Mais auparavant les femmes du village avaient procédé à un grand nettoyage des sols. Les abords avaient été nettoyés hier par les hommes.
Voilà, la maternité appartient au village. Il est important qu'il se l'approprie et que l'activité démarre. Mais il reste encore à faire :
acquisition de l'équipement nécessaire. On peut le faire réaliser sur place sans problème,
forage d'un puits. Une demande a été faite auprès d'une ONG italienne spécialisée dans ce domaine. A suivre,
construction d'un bloc sanitaire (wc et douche), le village devrait prendre en charge,
mise en place de panneaux solaires,
recrutement d'une « matrone ». Celui-ci est en cours, le village s'en occupe activement,
formation d'une jeune femme du village.
Mais il va falloir renflouer les caisses auparavant.
On sent une grande motivation pour que le démarrage soit rapide.
Quant à nous, nous allons quitter le village pour nous transporter à Bamako dans une petite pension située à proximité de nos amis Claire et Yamadou. Nous allons souffler un peu et prendre quelques jours de vacances (on les a mérités quoi !) avant de décoller en direction de Paris en principe mardi 29/03 à 2h du matin.

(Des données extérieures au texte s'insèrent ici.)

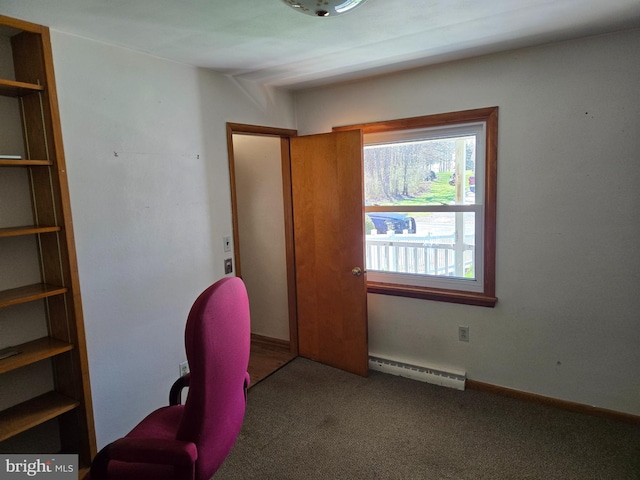 carpeted office space featuring a baseboard heating unit
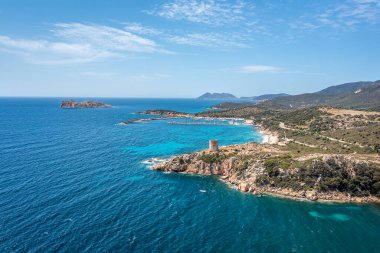 Kayalık bir kıyı manzarası, küçük bir ada kalesi, berrak turkuaz sular, Sardunya, İtalya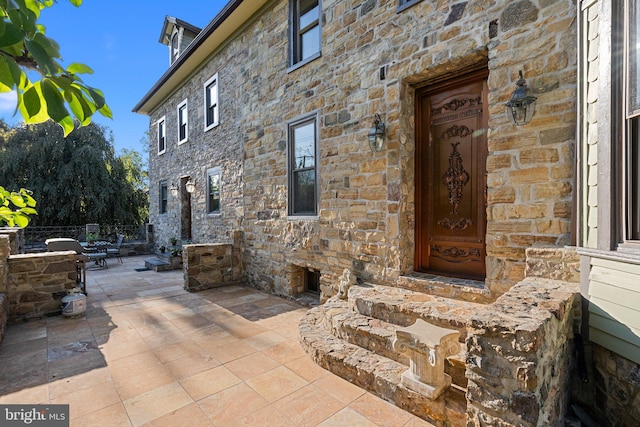 property entrance with a patio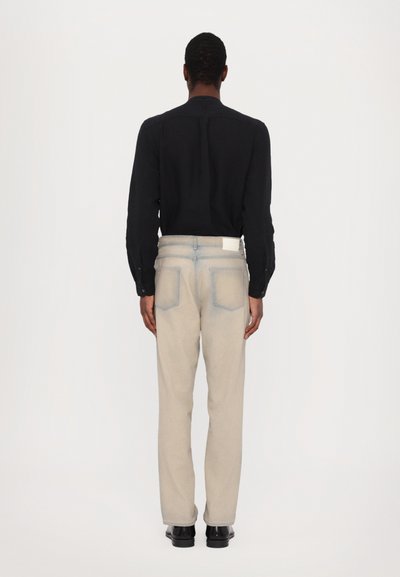 Pantaloni in denim beige con accenti azzurri, tasche posteriori e un design pulito. Indossati con una maglietta nera a maniche lunghe e scarpe nere.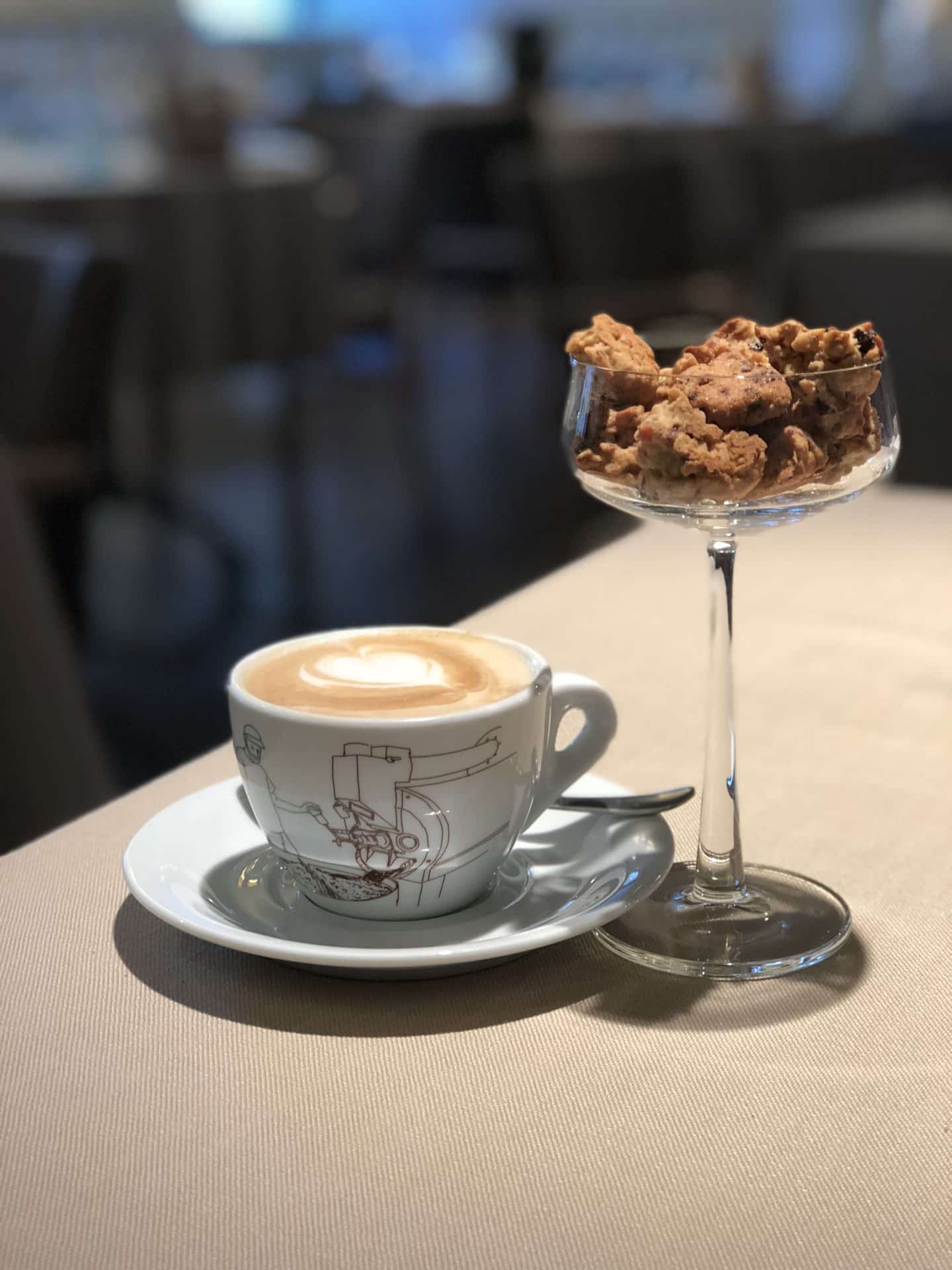 Vegetarian-friendly food in Riga: Coffee and crunchy amoretto biscuits in a cocktail glass and Riviera restaurant in Riga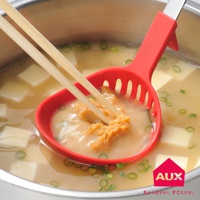 紅色不沾桌多用濾水湯匙，包含湯匙頭的側邊濾孔，用兩根木質筷子夾著味噌，在裝有豆腐和蔥花的湯鍋中操作。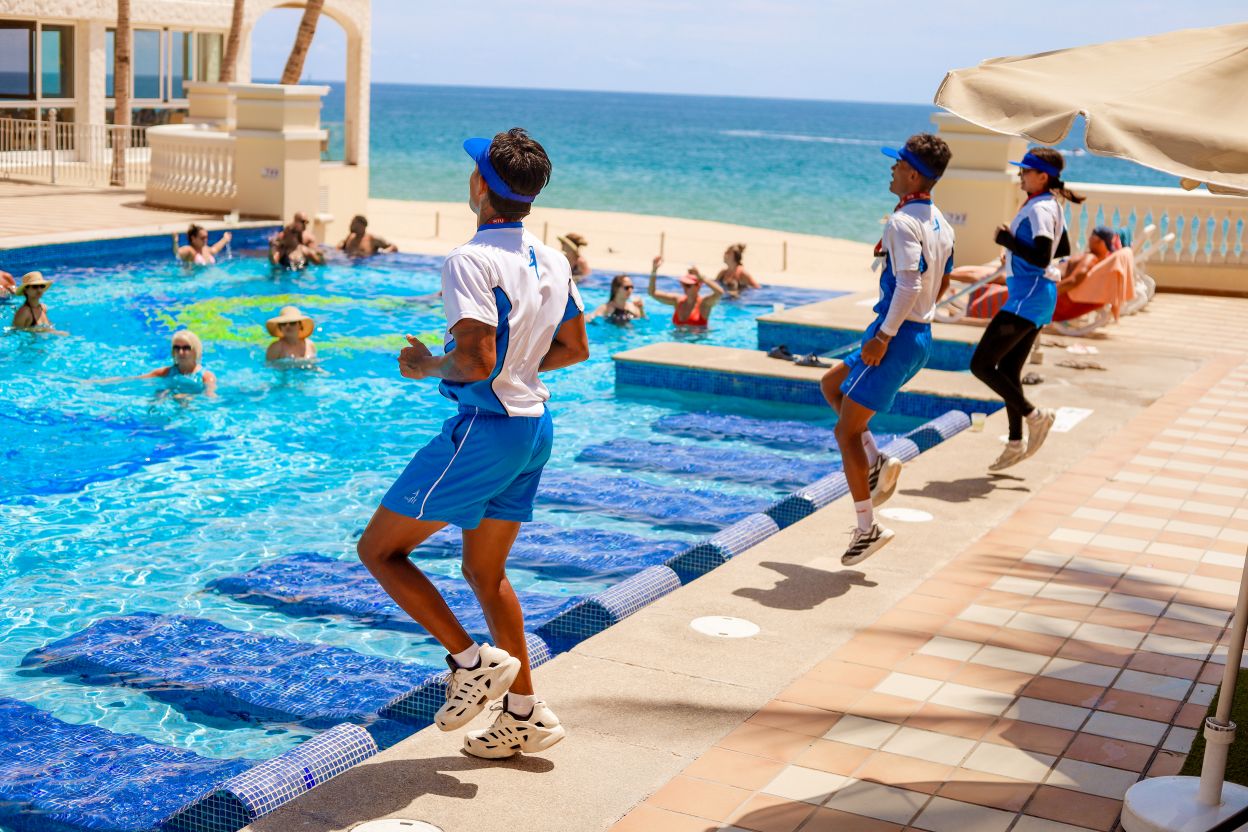 Equipo de animadores de RIUfit dirigiendo una clase de aquagym al borde de la piscina frente al mar en el Hotel RIU Palace Cabo San Lucas.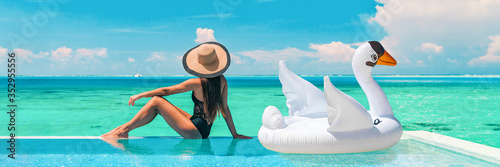 Canvas Print Luxury swimming pool vacation travel lady sun tanning relaxing on infinity ocean waterfront resort with floating white swan inflatable toy float banner panoramic summer background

Au fait, pour les ceusses (comme dirait notre ami Jojo) qui penseraient, en ayant regardé nos derniers articles, que seules les femmes travaillent en Afrique, je leur signale que ce sont des hommes qui ont construit la maternité en si peu de temps, que ce sont encore des hommes qui réalisent les travaux de maraichage requérant le plus de force, etc. Je suis désolé mes chères lectrices préférées qui pensiez que... et bien non.
Bonne nuit et à pluche (c'est encore du Jojo).